***** Study material *****

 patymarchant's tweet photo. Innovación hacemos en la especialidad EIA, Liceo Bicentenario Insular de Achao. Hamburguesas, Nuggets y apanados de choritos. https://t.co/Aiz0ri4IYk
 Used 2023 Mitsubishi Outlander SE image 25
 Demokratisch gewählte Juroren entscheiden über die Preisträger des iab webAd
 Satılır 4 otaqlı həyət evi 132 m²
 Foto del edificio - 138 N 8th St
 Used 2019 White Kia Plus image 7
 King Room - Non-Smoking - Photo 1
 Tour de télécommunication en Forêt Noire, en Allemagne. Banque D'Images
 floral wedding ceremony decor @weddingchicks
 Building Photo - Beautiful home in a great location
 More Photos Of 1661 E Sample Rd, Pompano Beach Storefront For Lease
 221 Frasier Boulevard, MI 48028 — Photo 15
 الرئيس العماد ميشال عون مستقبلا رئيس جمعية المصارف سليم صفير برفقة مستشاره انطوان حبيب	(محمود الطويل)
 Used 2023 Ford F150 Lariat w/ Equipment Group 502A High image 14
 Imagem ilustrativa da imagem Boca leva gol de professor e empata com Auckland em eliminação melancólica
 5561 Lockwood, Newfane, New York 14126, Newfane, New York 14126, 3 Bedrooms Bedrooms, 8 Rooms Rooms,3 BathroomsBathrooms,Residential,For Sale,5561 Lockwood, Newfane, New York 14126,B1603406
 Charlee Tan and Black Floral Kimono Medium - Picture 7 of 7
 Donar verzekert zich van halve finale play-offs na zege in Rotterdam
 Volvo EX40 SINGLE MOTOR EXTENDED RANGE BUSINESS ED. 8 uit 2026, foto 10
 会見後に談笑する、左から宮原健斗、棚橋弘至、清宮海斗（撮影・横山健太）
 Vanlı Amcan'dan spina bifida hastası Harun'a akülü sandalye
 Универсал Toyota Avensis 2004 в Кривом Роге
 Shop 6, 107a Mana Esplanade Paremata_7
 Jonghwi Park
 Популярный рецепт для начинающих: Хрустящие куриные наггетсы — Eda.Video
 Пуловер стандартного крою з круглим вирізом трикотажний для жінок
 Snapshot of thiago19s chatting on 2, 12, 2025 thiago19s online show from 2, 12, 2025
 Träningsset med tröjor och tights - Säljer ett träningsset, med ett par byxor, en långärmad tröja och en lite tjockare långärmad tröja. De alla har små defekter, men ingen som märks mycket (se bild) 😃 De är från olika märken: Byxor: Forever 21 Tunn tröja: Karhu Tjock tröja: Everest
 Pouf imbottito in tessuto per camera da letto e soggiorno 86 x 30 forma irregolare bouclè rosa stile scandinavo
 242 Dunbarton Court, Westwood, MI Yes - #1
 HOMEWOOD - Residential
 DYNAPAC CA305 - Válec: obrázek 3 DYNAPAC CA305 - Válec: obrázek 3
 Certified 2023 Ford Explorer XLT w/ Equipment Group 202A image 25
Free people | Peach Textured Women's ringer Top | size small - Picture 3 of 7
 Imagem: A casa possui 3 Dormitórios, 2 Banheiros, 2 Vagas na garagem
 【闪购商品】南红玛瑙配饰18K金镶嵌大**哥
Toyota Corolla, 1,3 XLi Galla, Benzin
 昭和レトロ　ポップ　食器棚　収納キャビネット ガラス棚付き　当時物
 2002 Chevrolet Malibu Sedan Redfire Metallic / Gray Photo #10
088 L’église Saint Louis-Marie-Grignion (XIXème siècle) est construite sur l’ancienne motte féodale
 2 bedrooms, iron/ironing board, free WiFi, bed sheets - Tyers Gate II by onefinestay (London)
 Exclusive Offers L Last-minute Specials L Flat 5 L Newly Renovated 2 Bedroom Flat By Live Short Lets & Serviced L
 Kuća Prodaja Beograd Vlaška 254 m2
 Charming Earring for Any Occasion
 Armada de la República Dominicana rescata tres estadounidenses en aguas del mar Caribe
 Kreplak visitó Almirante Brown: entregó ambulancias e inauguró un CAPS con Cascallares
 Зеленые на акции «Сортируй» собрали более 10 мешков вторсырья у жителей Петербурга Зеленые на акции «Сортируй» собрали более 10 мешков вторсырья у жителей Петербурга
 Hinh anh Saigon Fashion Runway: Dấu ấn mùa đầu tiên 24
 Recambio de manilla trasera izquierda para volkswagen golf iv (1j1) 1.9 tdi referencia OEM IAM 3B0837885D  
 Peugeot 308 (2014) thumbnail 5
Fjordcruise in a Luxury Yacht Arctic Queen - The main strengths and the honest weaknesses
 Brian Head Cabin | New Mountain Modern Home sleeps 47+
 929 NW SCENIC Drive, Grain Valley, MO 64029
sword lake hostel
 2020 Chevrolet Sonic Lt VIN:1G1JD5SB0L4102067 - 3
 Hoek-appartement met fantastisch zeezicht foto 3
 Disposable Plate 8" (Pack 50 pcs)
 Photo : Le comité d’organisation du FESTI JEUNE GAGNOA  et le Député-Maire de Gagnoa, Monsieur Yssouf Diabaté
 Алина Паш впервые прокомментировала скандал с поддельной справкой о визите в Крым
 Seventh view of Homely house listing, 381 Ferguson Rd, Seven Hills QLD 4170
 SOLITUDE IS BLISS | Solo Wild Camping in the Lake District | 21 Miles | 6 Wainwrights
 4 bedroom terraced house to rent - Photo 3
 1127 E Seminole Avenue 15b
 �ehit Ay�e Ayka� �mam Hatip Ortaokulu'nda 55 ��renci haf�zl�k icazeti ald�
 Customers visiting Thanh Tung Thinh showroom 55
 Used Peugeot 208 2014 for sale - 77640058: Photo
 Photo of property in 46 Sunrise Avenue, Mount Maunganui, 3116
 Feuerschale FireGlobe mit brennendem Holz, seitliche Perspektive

*****

## Work task
Across the records above, return every line that contains the word "Picture".

## Exercise answer
 Charlee Tan and Black Floral Kimono Medium - Picture 7 of 7
Free people | Peach Textured Women's ringer Top | size small - Picture 3 of 7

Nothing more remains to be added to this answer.